Slowly surfacing from a deep sleep, I gazed up at the dim outlines of the canopy above us, draped with a white mosquito net. A sliver of gray light peeked through the gap in the curtains to my right, the direction of the sunrise. I listened to the pre-dawn noises: a chaos of bird calls was probably what had woken me – but I never sleep late anyway – the low hum of the air conditioner. The dominant noise, though, was the slurp of the waves. It must be high tide, I thought; it sounded like they were lapping at the stilts supporting our chalet, not the even shushing of waves on a beach that had put us to sleep.

An aerial view of the whole of Lankayan Island Dive Resort. Photo courtesy of Asia Diving Vacation.
An aerial view of the whole of Lankayan Island Dive Resort. Photo courtesy of Asia Diving Vacation.

Waking up at Lankayan Island Resort, I could not believe my good fortune. Both my husband, Albert, and I posted on Facebook independently soon after we arrived that we’d found paradise. It’s not perfect, of course, but it’s pretty close.

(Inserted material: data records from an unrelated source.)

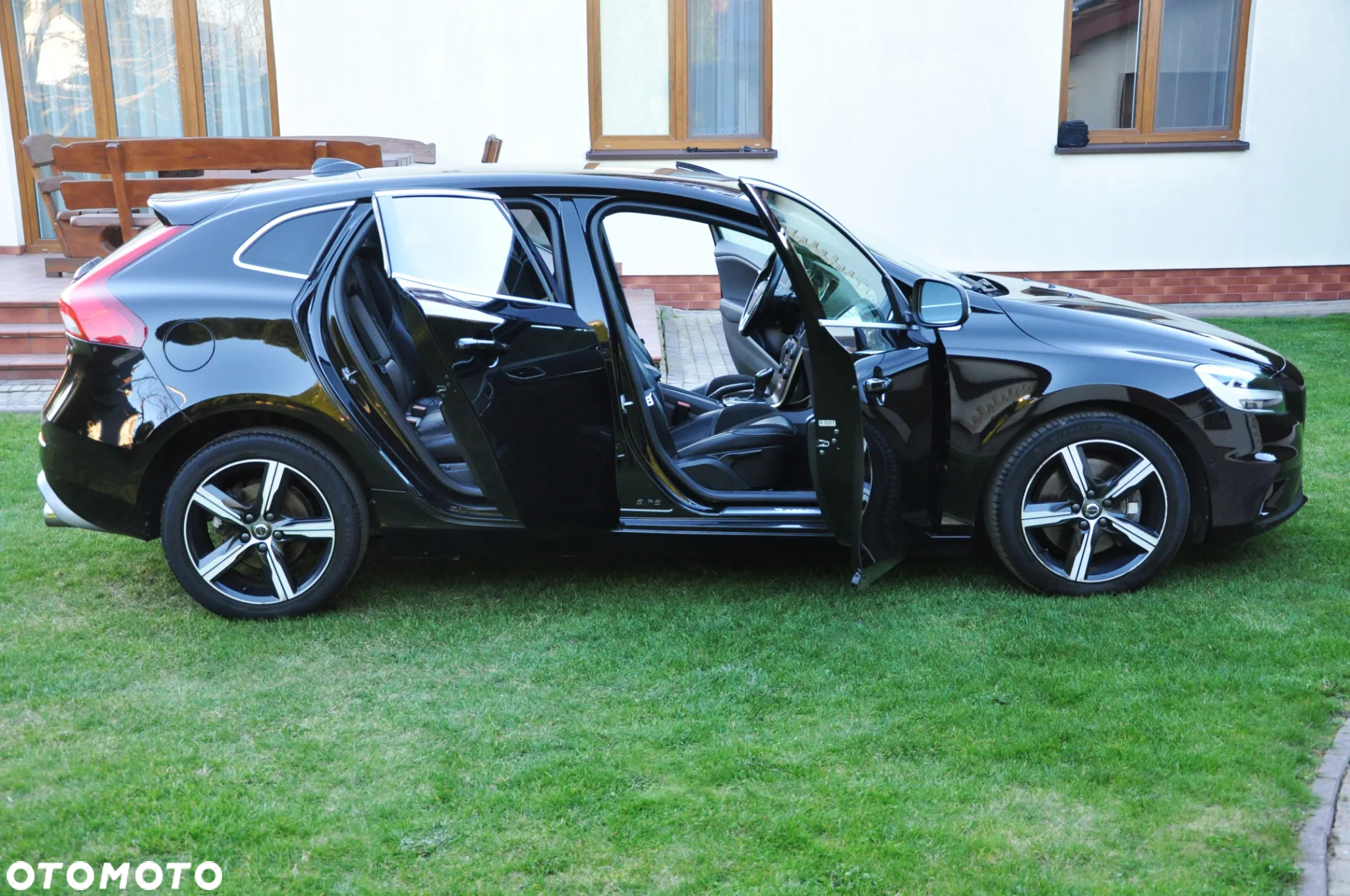 Volvo V40 T3 Drive-E R-Design Momentum - 11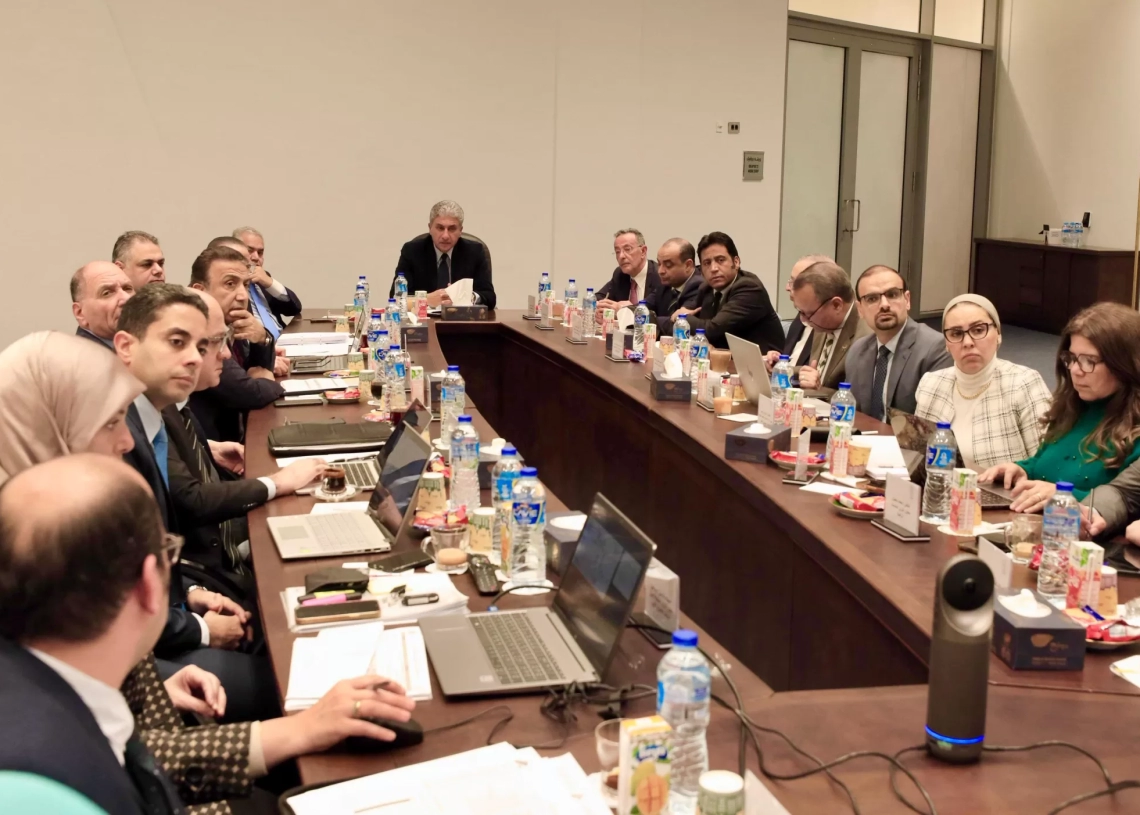 وزير السياحة فى أول اجتماع لمجلس الإدارة بعد الافتتاح : الإقبال المتميز على زيارة المتحف الكبير .. محل فخر للجميع.. د..غنيم : 15 ألف زائر الحدالأقصى يومياً.. لا توجد كوتة للمصريين أوالأجانب 20 - جريدة المساء وزير السياحة فى أول اجتماع لمجلس الإدارة بعد الافتتاح : الإقبال المتميز على زيارة المتحف الكبير .. محل فخر للجميع.. د..غنيم : 15 ألف زائر الحدالأقصى يومياً.. لا توجد كوتة للمصريين أوالأجانب 19 - جريدة المساء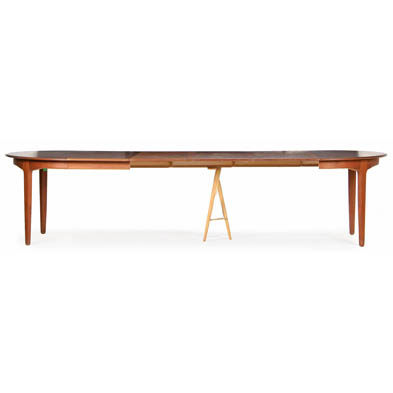 danish-expansion-dining-table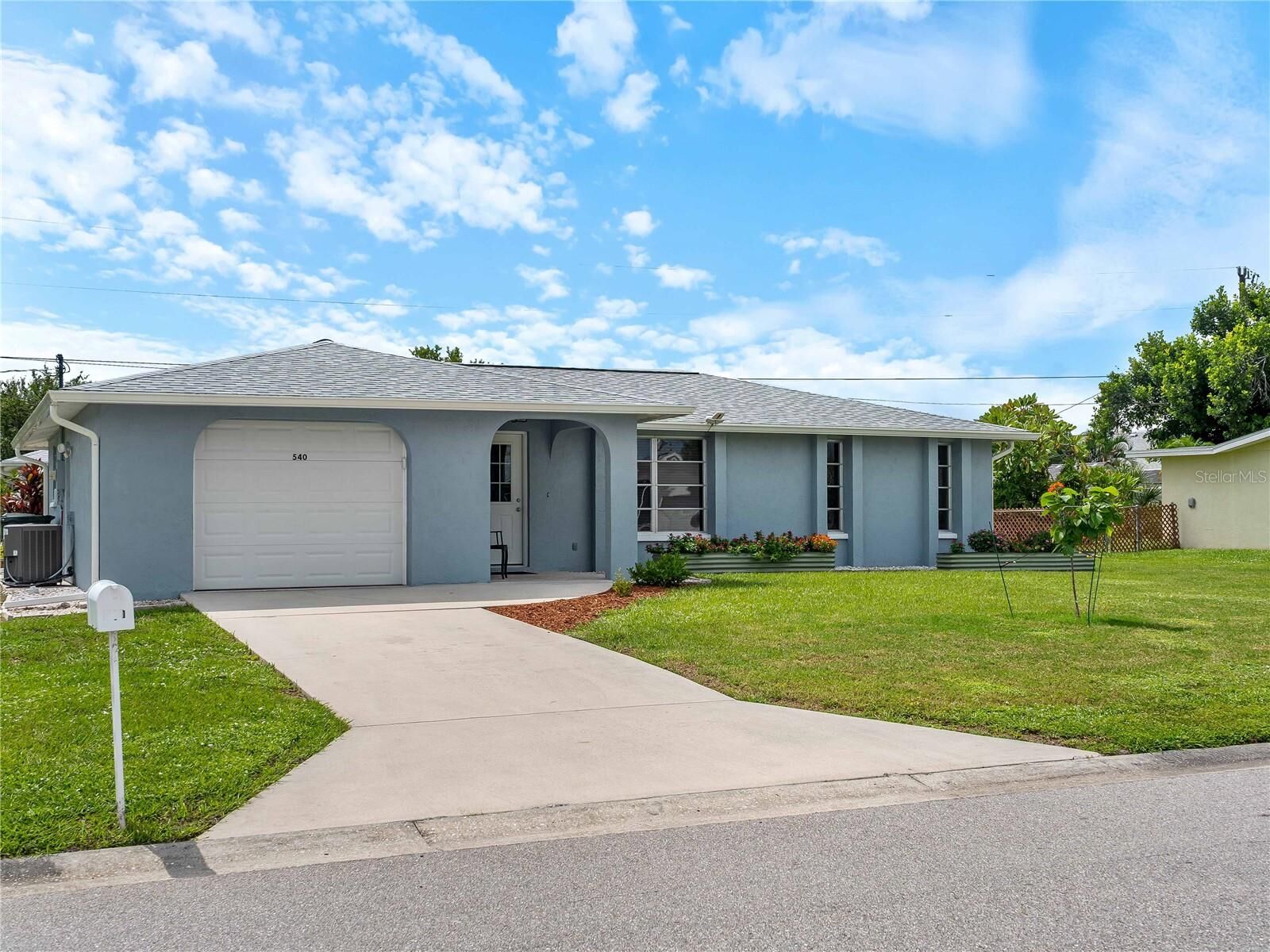 Property Photo:  540 Oxford Drive  FL 34293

Disclosure: Pulau Sipadan Resort & Tours sponsored my stay at Lankayan Island Dive Resort. My husband’s stay was partly paid for by Asia Diving Vacation. However, we paid our diving equipment rental and all dives in full for both of us. As always, all opinions are my own.

Another disclosure: This article contains affiliate links. If you click on one and make a purchase, I will receive a small donation. This will not affect your price.

Text: Lankayan: A gorgeous island resort in Malaysian Bornea. Image: a wooden house on stilts.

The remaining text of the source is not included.